JOHN YOO: Trump scores historic win as Supreme Court reins in lower courts' overreach
Constitutional Accountability Center President Elizabeth Wydra and constitutional attorney Mark Smith weigh in on how the Supreme Court limiting nationwide injunctions on federal judges will impact the birthright citizenship ruling.
In Trump v. Casa, the United States Supreme Court finally put an end to the universal injunctions that trial judges had invented to block presidents from pushing their agendas nationwide.
These orders, which courts applied with special vigor against President Donald Trump, "exceed the equitable authority that Congress has granted to federal courts," the 6-3 majority declared. Even though Casa resolved a question of technical legal procedure, it struck a balance between the Executive and Judicial branches of government that bore greater constitutional importance.
SCOTUS RULES ON TRUMP'S BIRTHRIGHT CITIZENSHIP ORDER, TESTING LOWER COURT POWERS
Casa represented an undeniable victory for the Trump administration. In ruling against many of Trump’s executive orders, district courts had used nationwide injunctions to halt such major initiatives as Trump’s suspension of foreign aid, removal of illegal aliens from Venezuela, layoffs of federal bureaucrats, a bar on transgender soldiers, ending racially discriminatory programs in higher education, and cuts and freezes in federal spending. Trump is now free to enforce those policies in states where the courts have not enjoined them. Ultimately, the Supreme Court will have to resolve the conflict between the federal courts that have enjoined Trump’s policies and those in other states that have not.

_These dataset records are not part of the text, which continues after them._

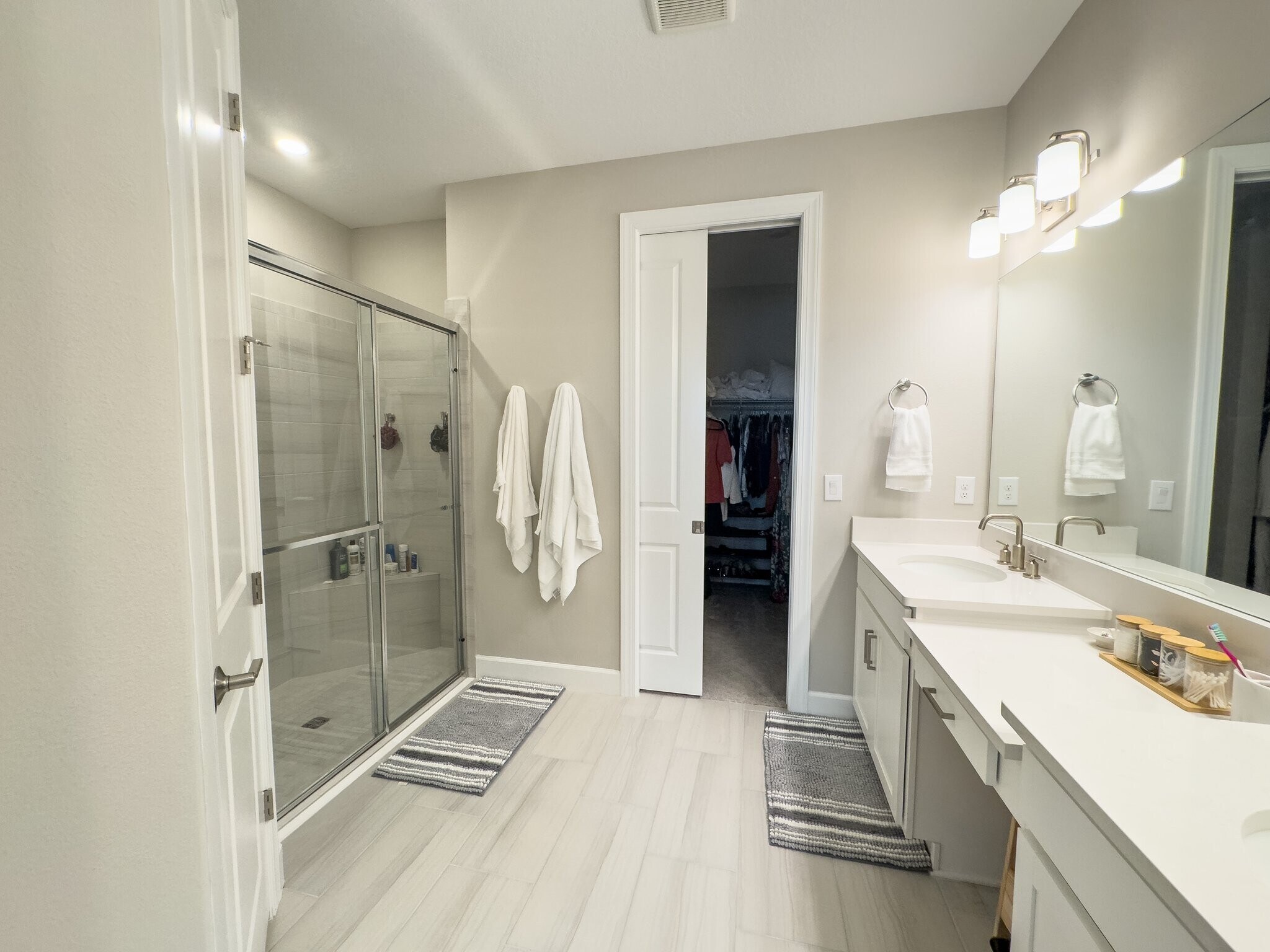 Building Photo - 16126 San Donato Pl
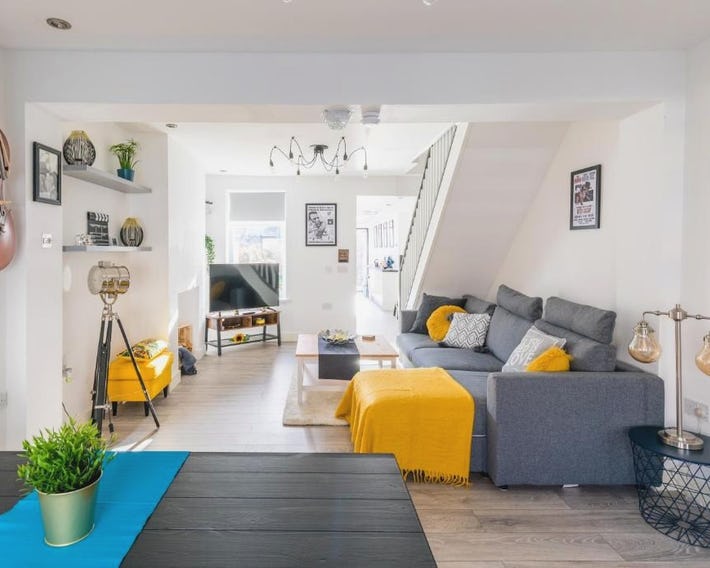 Hollywood House - Sleeps 10 Guests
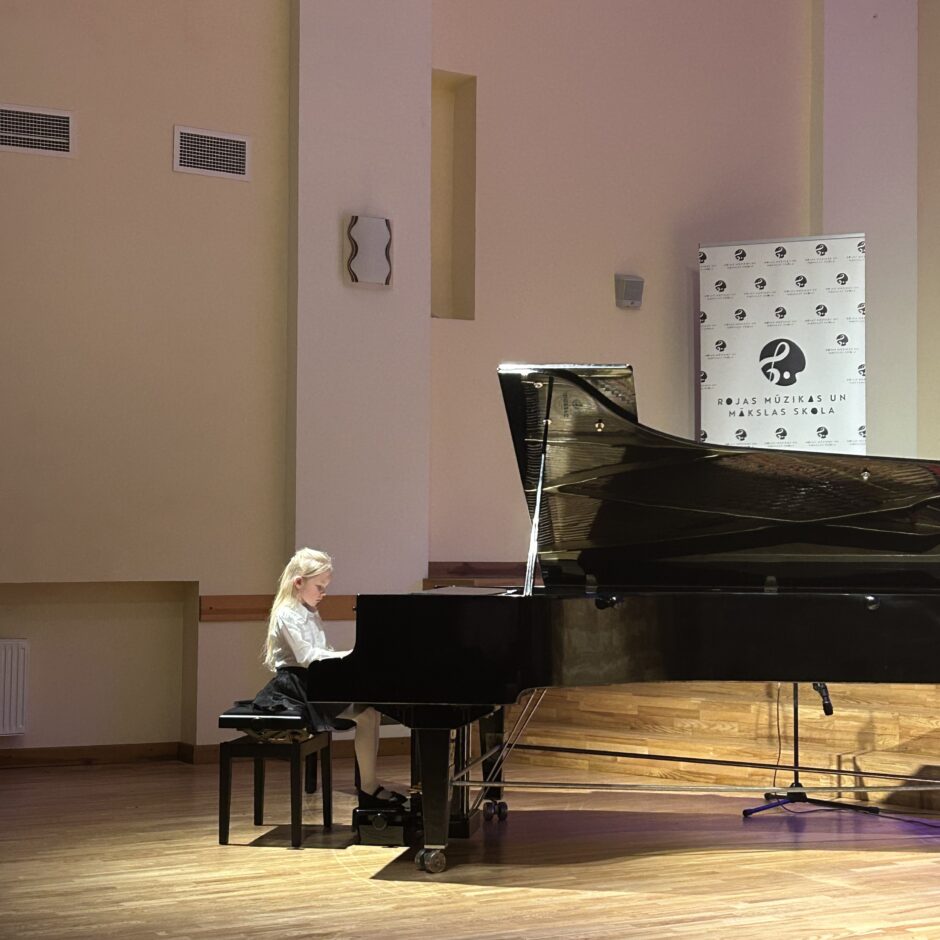 Elīza Ārgale pie klavierēm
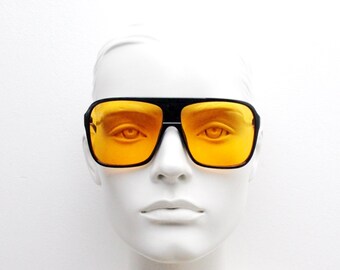 Y2K Vintage Square Aviator Sunglasses. Classic 70s Design  display picture 3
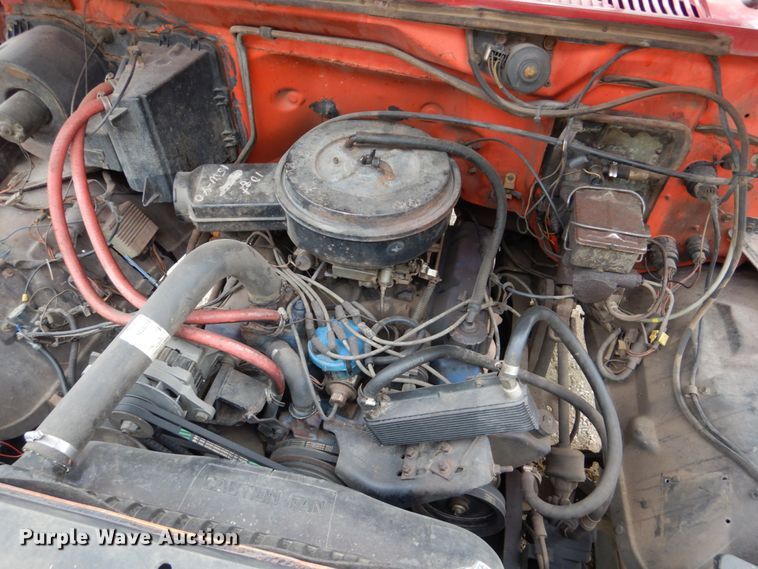 image for item GO9063 1980 Ford F700 truck cab and chassis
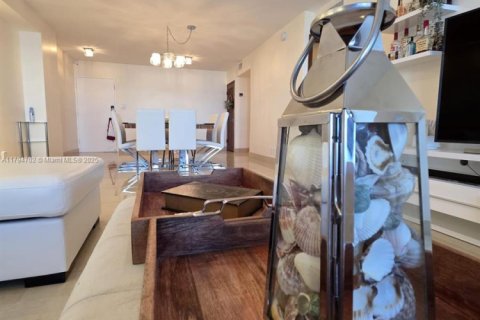 Снять в аренду кондоминиум в Серфсайд, Флорида 1 спальня, 85.28м2, № 1959588 - фото 4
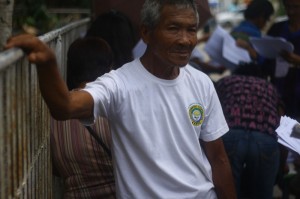 LOST. Hercules Gemigaya, 69, searches for his name in precincts in Daniel R. Aguinaldo National HIgh School but goes home after searching for hours to no avail. (davaotoday.com photo by John Rizle L. Saligumba)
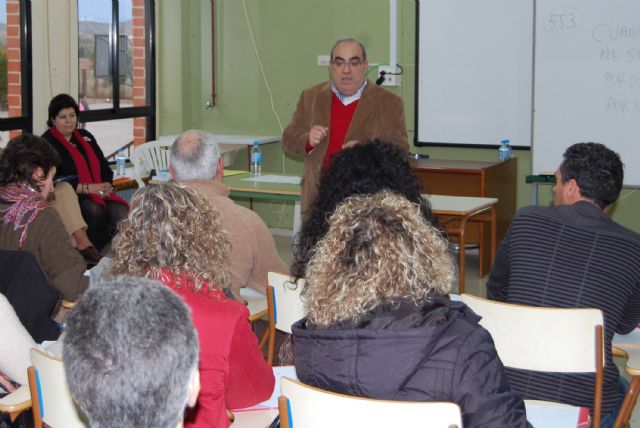 AMITES imparte en Las Torres de Cotillas un curso para mejorar la educación de los hijos - 4, Foto 4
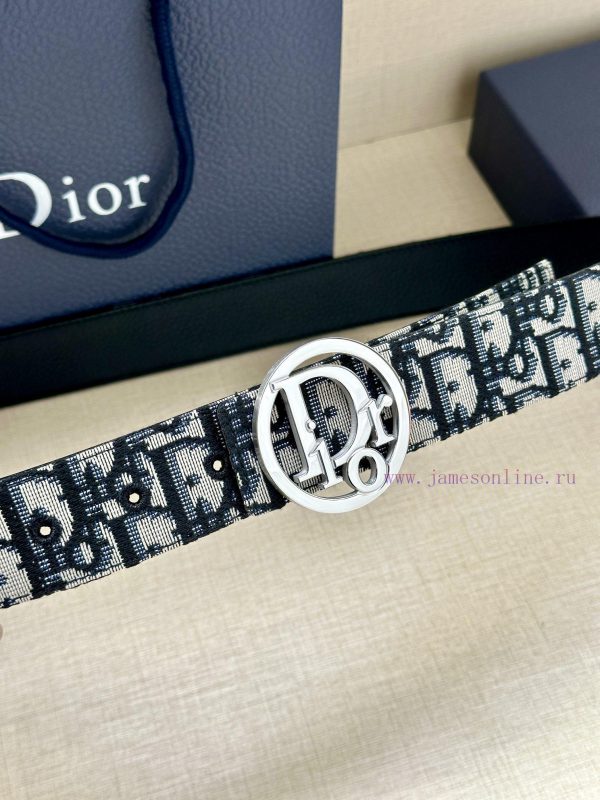Dior's 3.5cm wide gold trimmed brass waistband buckle is a new addition to the spring collec gka3trer - Image 3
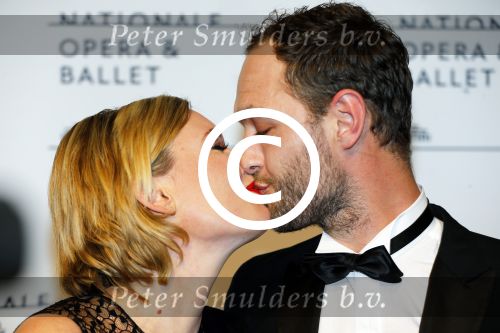 Amsterdam 15 april 2016
Premiere Natiuonaal Ballet in de stopera. Marlijn Weerdenburg en partner Paul Broers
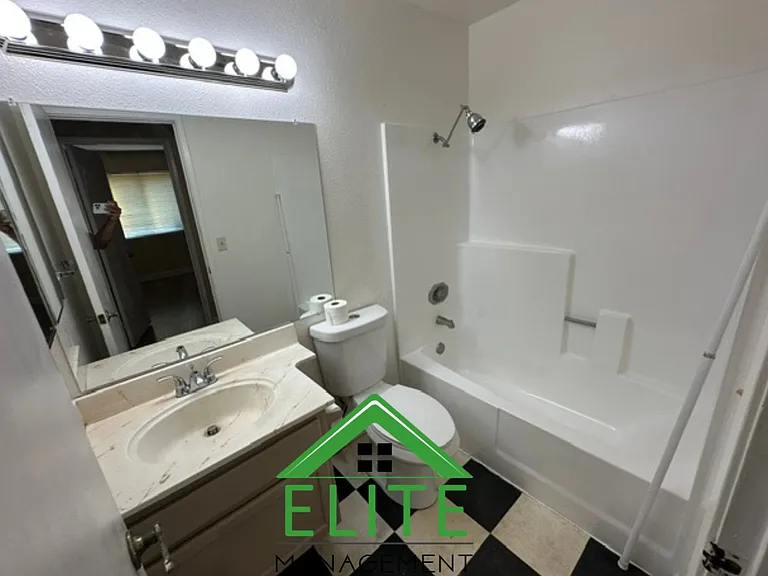 2901 Davenport Way — Photo 13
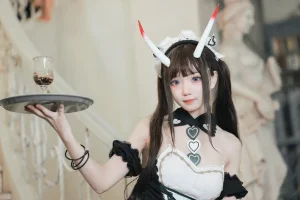 花柒Hana《能代女仆》主题写真：21张全套美图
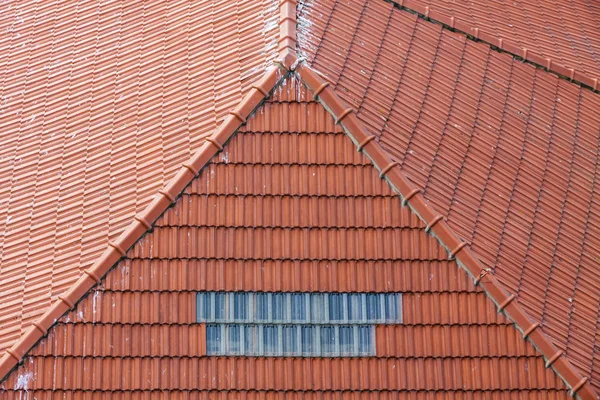 Toits de tuiles orange dans la vieille ville de Porto, Portugal — Photo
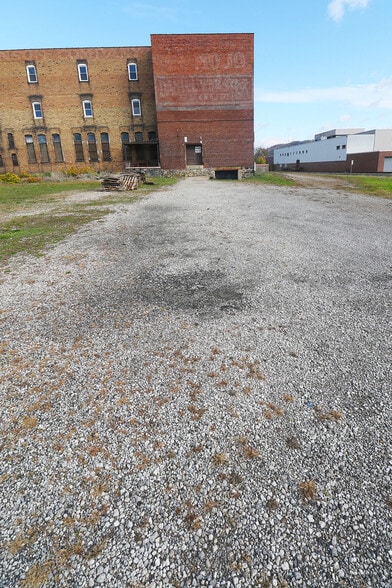 More Photos Of 312 N 7th St, Steubenville Warehouse For Sale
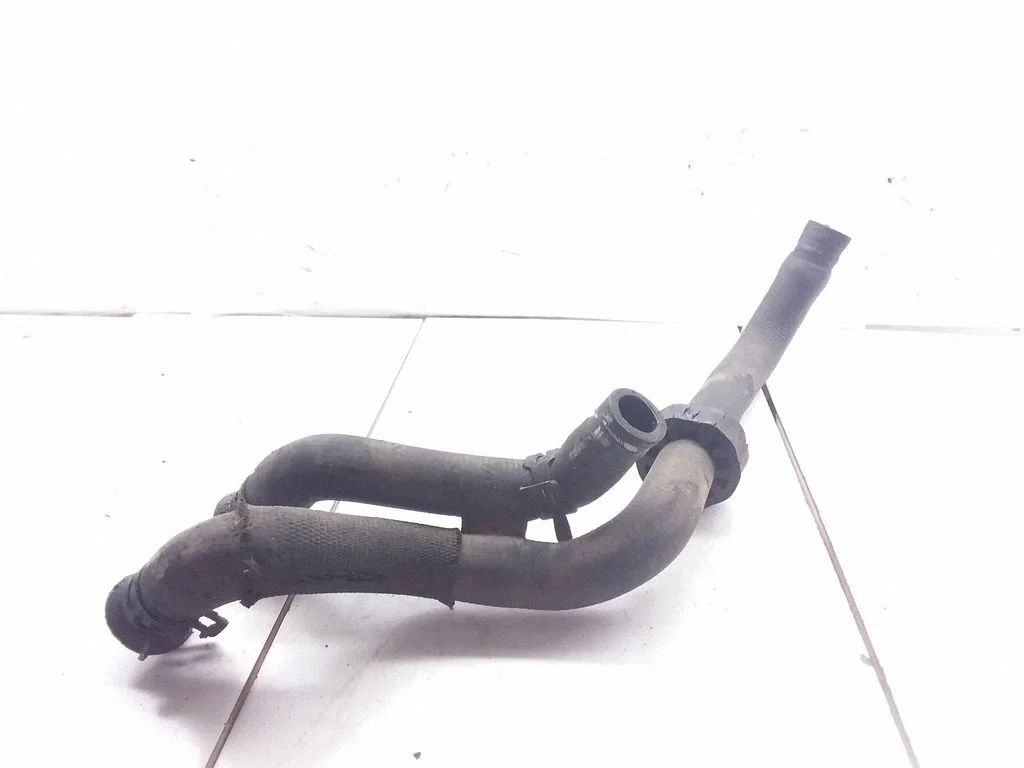 Engine coolant pipe/hose – Audi A4 S4 B6 8E 8H (2001-2005)
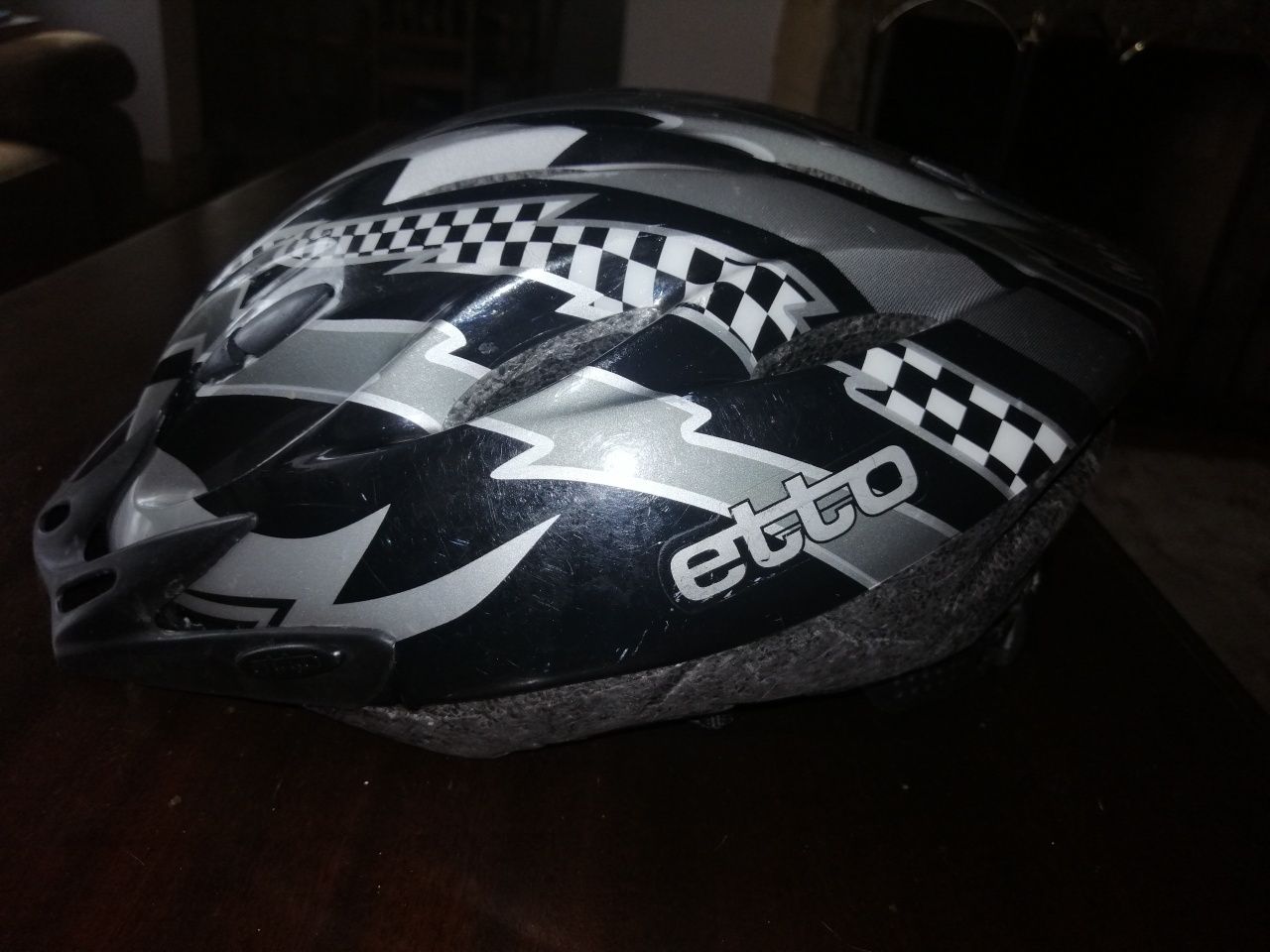 Kask rowerowy etto mack 1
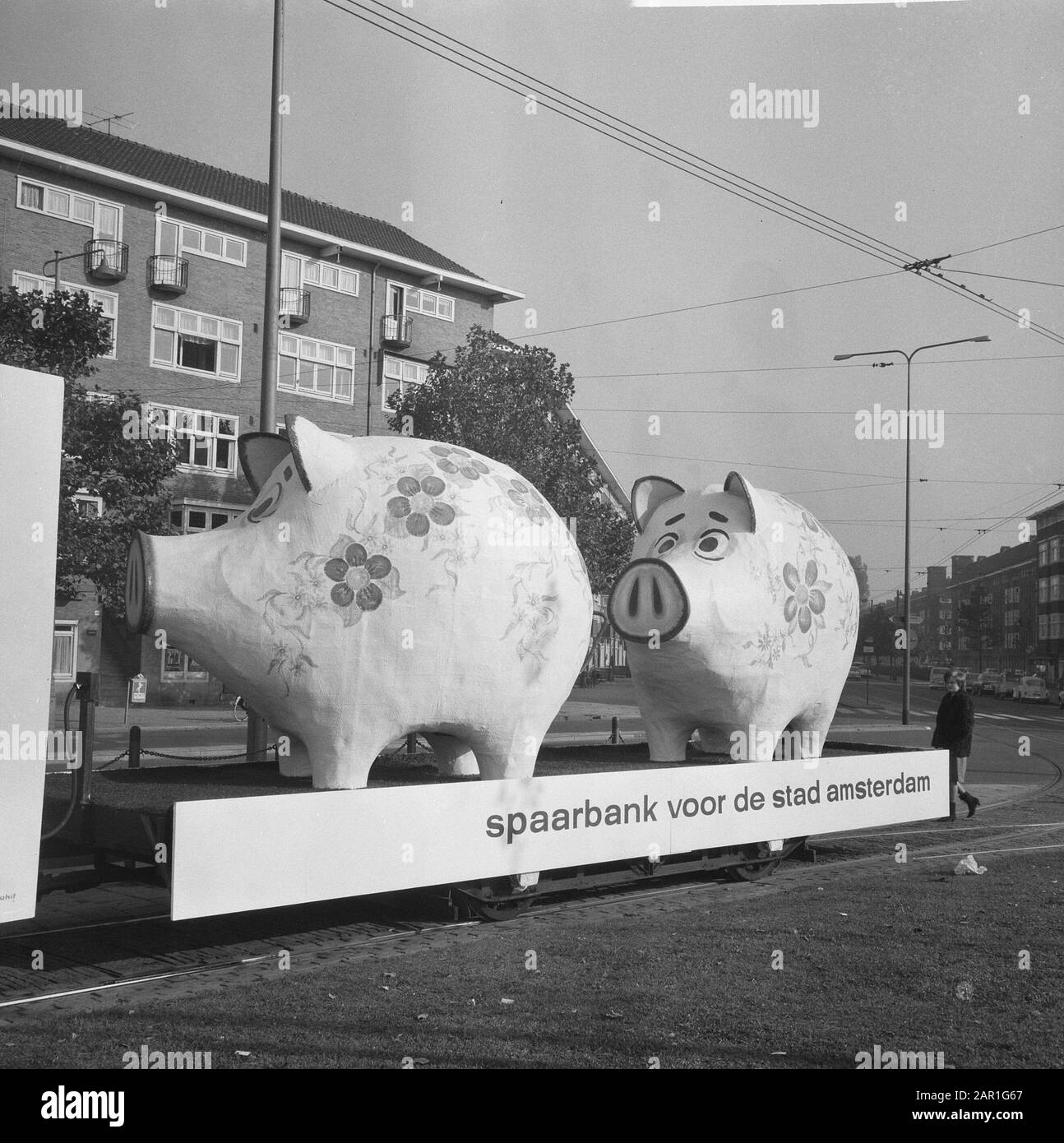 World Savings Day Action. Due gigantesche banche piccanti su rimorchio con il testo: Banca di risparmio per la città di Amsterdam risparmio, banche, parate Data: 25 ottobre 1965 Località: Amsterdam, Noord-Holland Parole Chiave: Banche, parate, risparmio Foto Stock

Supreme Court justice nominee Amy Coney Barrett wrote the majority opinion limiting lower courts' ability to issue nationwide injunctions. (Tom Williams/CQ-Roll Call, Inc via Getty Images/POOL)
But the legal, rather than the political, issue asks more narrowly how far a federal trial judge – of which there are almost 700 – may go in stopping government action he or she concludes violates the law. All agree that the trial court can grant relief to the parties in the courtroom. In Casa itself, federal judges in several........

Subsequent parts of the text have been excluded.